Demgegenüber repräsentiert die Parteivorsitzende Weidel eine andere AfD, die gemässigt scheint. Vor ihr hat Jörg Meuthen diesen Job gemacht, davor Frauke Petry. Petry und Meuthen haben irgendwann erkannt, dass sie nur dazu da sind, im bürgerlichen Lager für Akzeptanz zu sorgen, ohne aber wirkliche Macht in der Partei auszuüben. Als Petry das klar wurde, stieg sie aus, wie auch später Meuthen.
Weidel gehörte lange Zeit zu den parteiinternen Gegnern von Höcke, ist aber mit ihrem Versuch, ihn kaltzustellen, gescheitert. Jetzt macht sie dort weiter, wo Petry und Meuthen aufgehört haben, was beweist, dass sie eine Opportunistin ist, der es nur um Status und Geltung geht. Als Frau und Lesbierin, die mit einer „Woman of Color“ zusammenlebt, vermittelt sie den Eindruck, die AfD könne so radikal gar nicht sein.
Weidel ist gegen, Höcke für den Sozialismus
Musk ist darauf hereingefallen. Er glaubt, die AfD sei das, wofür Weidel steht. Nur ein Beispiel: Wenn Weidel sich in ihrem Buch „Widerworte“ mehrfach gegen alle Formen des Sozialismus ausspricht, dann klingt das wunderbar, es steht aber im schroffen Gegensatz zu Höckes Traum von einem Ende des „zinsbasiertem Globalkapitalismus“ und seiner Forderung, die AfD müsse „auch den sozialistischen Auftrag“ übernehmen.

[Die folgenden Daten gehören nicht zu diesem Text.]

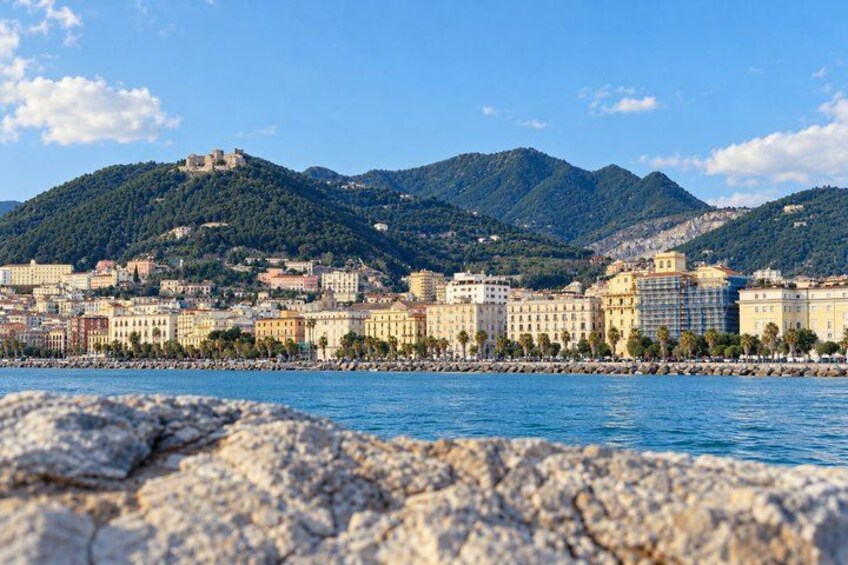 A coastal cityscape with a prominent hill, buildings, and a clear sky. 5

Da fragt man sich: Was bekommt man eigentlich, wenn man die AfD wählt? So heisst es im Parteiprogramm (Punkt 7.6.1), dass „der“ Islam nicht zu Deutschland gehöre. Doch als Petry Parteichefin war, wollte sie das immer so verstanden wissen, dass damit der politische Islam gemeint sei. Ihr Parteifreund Gottfried Curio jedoch liess nie einen Zweifel daran, dass mit dem Islam auch wirklich der Islam gemeint ist.
Auch in Bezug auf Europa, Einwanderung, die NATO oder das Verhältnis zu den iranischen Mullahs scheint es immer zwei AfDs zu geben. Während die eine AfD z.B. iranische Dissidenten einlädt, fürchtet die andere AfD das Ende des Mullahregimes als Anfang einer neuen Flüchtlingswelle gen Deutschland. Nur in Bezug auf Russland ist sich die AfD darin einig, aus Deutschland faktisch einen Vasallenstaat des Kreml zu machen.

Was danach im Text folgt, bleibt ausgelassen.